● INPUT DATA:
#####
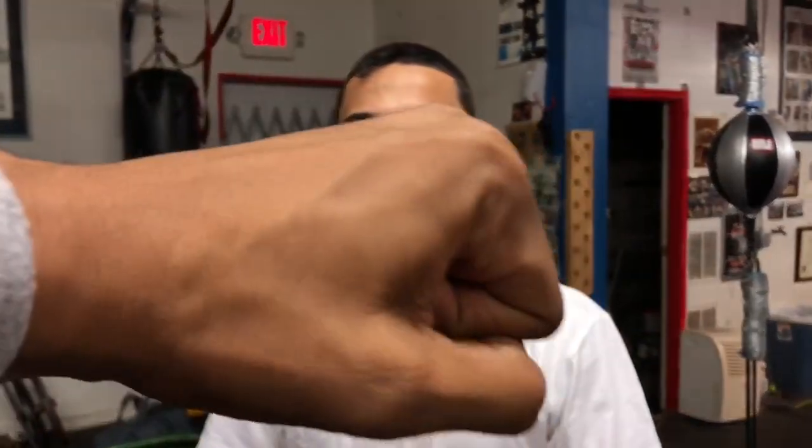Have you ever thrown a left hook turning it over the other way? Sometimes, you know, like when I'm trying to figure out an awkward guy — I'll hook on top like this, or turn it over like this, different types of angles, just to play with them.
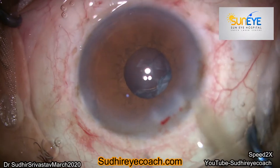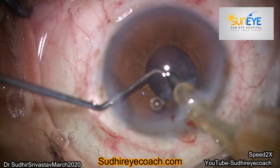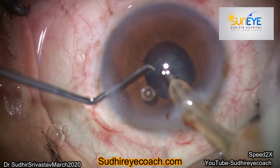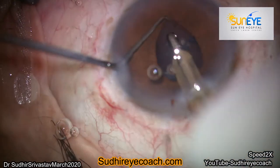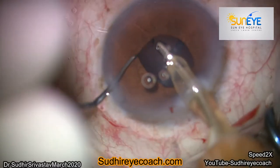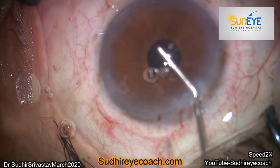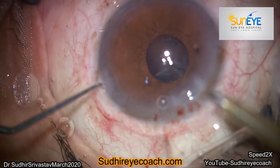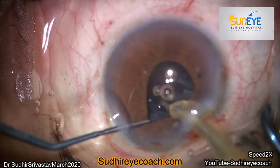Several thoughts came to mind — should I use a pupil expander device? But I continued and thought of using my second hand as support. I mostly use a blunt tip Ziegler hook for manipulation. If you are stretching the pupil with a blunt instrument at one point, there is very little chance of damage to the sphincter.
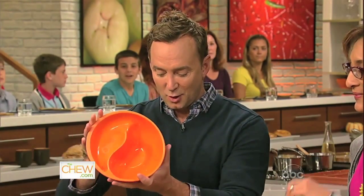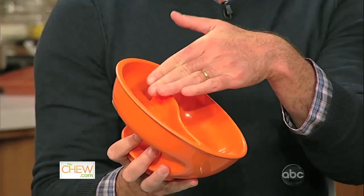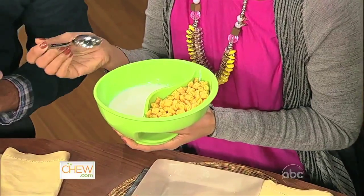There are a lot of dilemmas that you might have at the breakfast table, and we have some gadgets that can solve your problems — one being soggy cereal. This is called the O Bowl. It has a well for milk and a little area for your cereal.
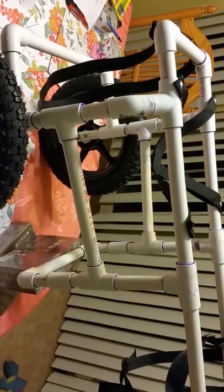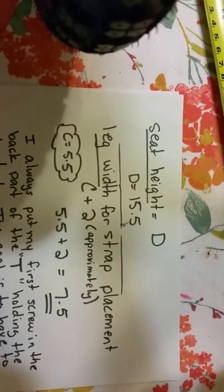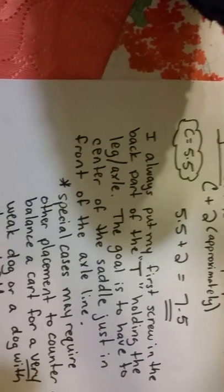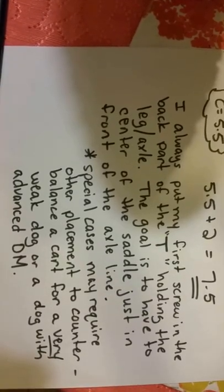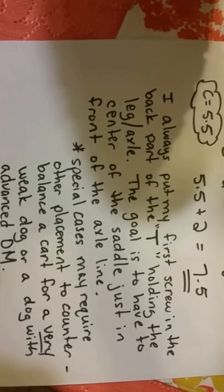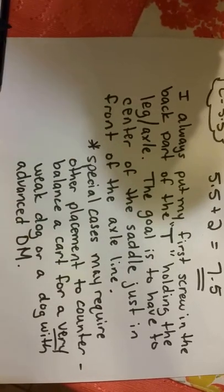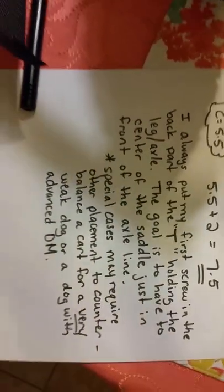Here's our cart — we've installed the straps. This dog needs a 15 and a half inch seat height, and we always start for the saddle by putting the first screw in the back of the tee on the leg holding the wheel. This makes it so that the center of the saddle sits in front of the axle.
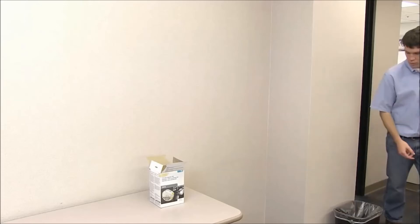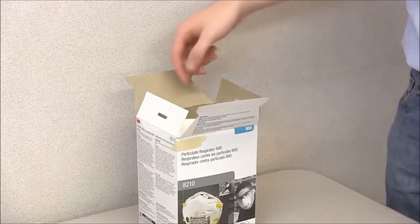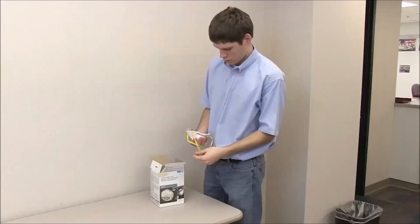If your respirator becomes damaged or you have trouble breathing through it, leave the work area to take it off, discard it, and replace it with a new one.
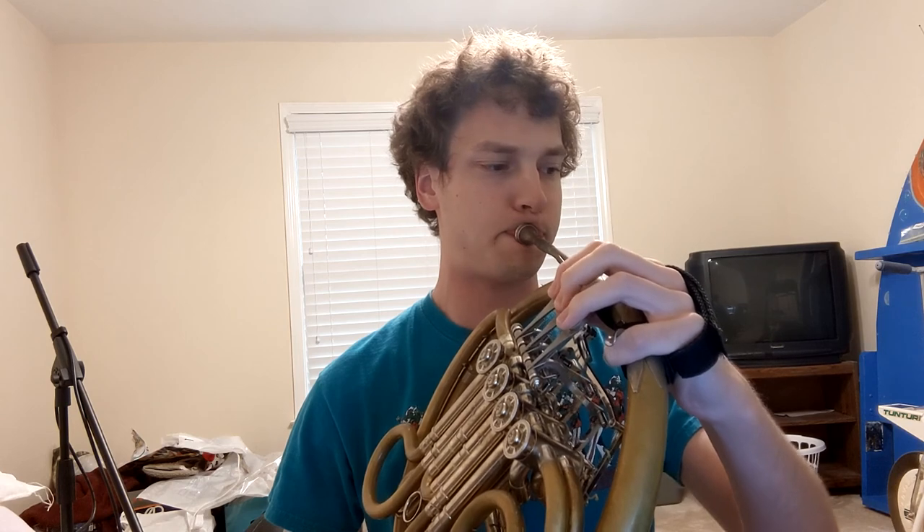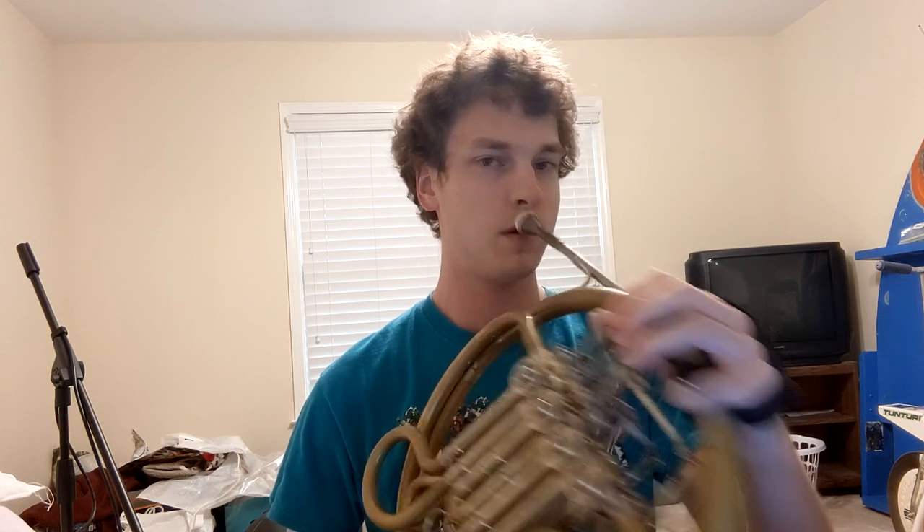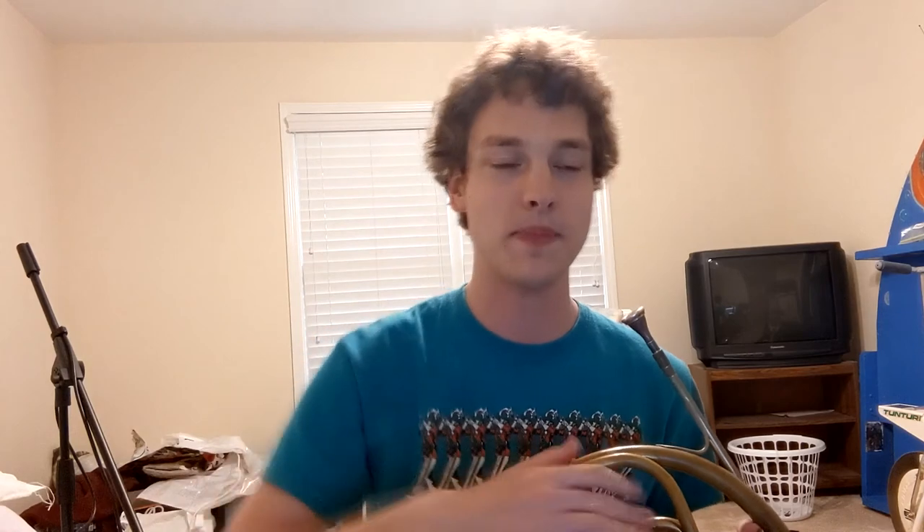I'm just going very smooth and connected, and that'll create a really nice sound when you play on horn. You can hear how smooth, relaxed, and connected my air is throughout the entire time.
#####
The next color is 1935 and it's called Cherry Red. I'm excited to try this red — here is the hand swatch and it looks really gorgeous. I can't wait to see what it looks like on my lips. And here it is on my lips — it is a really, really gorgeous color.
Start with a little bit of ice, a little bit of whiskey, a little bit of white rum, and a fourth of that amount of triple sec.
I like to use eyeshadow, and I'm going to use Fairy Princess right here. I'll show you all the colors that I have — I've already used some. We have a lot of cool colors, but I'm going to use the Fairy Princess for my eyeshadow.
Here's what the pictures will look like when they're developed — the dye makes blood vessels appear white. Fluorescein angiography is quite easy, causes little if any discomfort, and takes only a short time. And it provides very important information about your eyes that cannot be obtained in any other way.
#####
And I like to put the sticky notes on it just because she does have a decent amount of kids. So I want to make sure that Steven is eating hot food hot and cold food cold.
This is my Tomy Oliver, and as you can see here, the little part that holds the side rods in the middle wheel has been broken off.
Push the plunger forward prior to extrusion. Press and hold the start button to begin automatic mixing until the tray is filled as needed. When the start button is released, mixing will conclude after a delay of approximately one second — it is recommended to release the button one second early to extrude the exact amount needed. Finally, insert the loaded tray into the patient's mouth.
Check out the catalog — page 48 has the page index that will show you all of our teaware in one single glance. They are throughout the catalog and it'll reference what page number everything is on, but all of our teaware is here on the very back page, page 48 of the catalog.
#####
● TO DO: From the records above, return exactly the lines running from the one that contains "Have you ever" down to the one that contains "I'm just going", both included, without any pictures.

● SOLVED PROBLEM:
Have you ever thrown a left hook turning it over the other way? Sometimes, you know, like when I'm trying to figure out an awkward guy — I'll hook on top like this, or turn it over like this, different types of angles, just to play with them.
Several thoughts came to mind — should I use a pupil expander device? But I continued and thought of using my second hand as support. I mostly use a blunt tip Ziegler hook for manipulation. If you are stretching the pupil with a blunt instrument at one point, there is very little chance of damage to the sphincter.
There are a lot of dilemmas that you might have at the breakfast table, and we have some gadgets that can solve your problems — one being soggy cereal. This is called the O Bowl. It has a well for milk and a little area for your cereal.
Here's our cart — we've installed the straps. This dog needs a 15 and a half inch seat height, and we always start for the saddle by putting the first screw in the back of the tee on the leg holding the wheel. This makes it so that the center of the saddle sits in front of the axle.
If your respirator becomes damaged or you have trouble breathing through it, leave the work area to take it off, discard it, and replace it with a new one.
I'm just going very smooth and connected, and that'll create a really nice sound when you play on horn. You can hear how smooth, relaxed, and connected my air is throughout the entire time.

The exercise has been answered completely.